B: It’s strange. A lot has changed. The last time I went back I drove through a small town about five miles from our family farm and noticed that the old general store is gone. And I don’t mean closed; I mean gone. The store was located in this old brick building that is now rubble. Our grandparent’s house is gone too, replaced by a green lawn of grass – which I’m still trying to process because I have so many fond memories attached to that big old farmhouse. I’m struck by other changes too. There are more large hog confinement buildings than when I moved away. The demographics of the bigger regional towns are changing, with a growing number of recent immigrants living and working at the meatpacking plants. The diversity is bringing greater breadth in restaurant options and shops, which I enjoy. And it may be a small thing, but I still enjoy those big midwestern sunsets whenever I go back.

W: Q4: You’ve spoken about how academia has impacted your view of your rural upbringing. I’m interested in how the reverse is also true? How did your rural upbringing influence your decision to pursue your phd? How did it influence what you explicitly chose to study?

B: I talked a bit about this in my post on my life one year post-dissertation. As I mentioned there, I think when I first went to college I was interested in learning about topics that seemed exotic to me. But during grad school, I became more interested in issues closer to home, and have done quite a bit of research, for example, on midwestern regional artists. But as I already mentioned, I’m a bit stubborn. I have this mission to prove to the world that rural midwesterners are not all backwards hicks. So a lot of my work on midwestern art focused on leftist activist artists.

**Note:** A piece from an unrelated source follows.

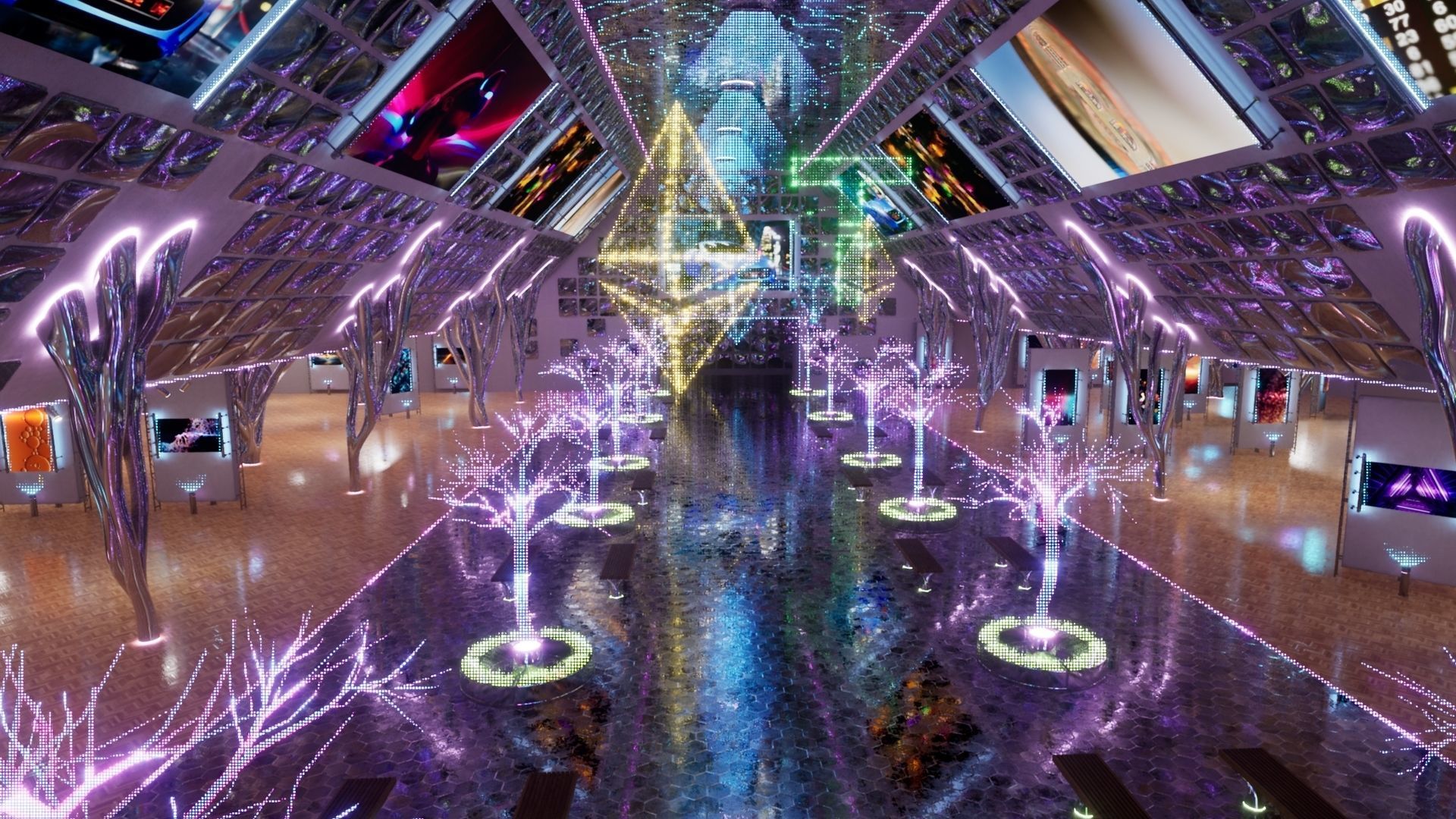 NFT Gallery Showroom Low-poly 3D model_12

W: Q5:What are the biggest stereotypes about growing up rural that stand out to you?

B: People outside the midwest ask some pretty funny questions when I tell them I’m from Iowa. On the east coast, it’s seems like people usually assumed that everyone in Iowa lives on a farm (nope!). And the farm they imagine too when they say this – it’s always one of those farms you see on a commercial infused with a warm glow, always with a big barn and jersey milking cows (again, nope!). Another funny thing that happens sometimes is that people think I’ll know their other friend from Iowa, as though the entire state is actually just this tiny town of 200 people. Though I admit, sometimes I have known their friends (or we can find some kind of connection through five degrees of separation). I could go on about the assumptions about rural politics, but I’ll leave that for a future post.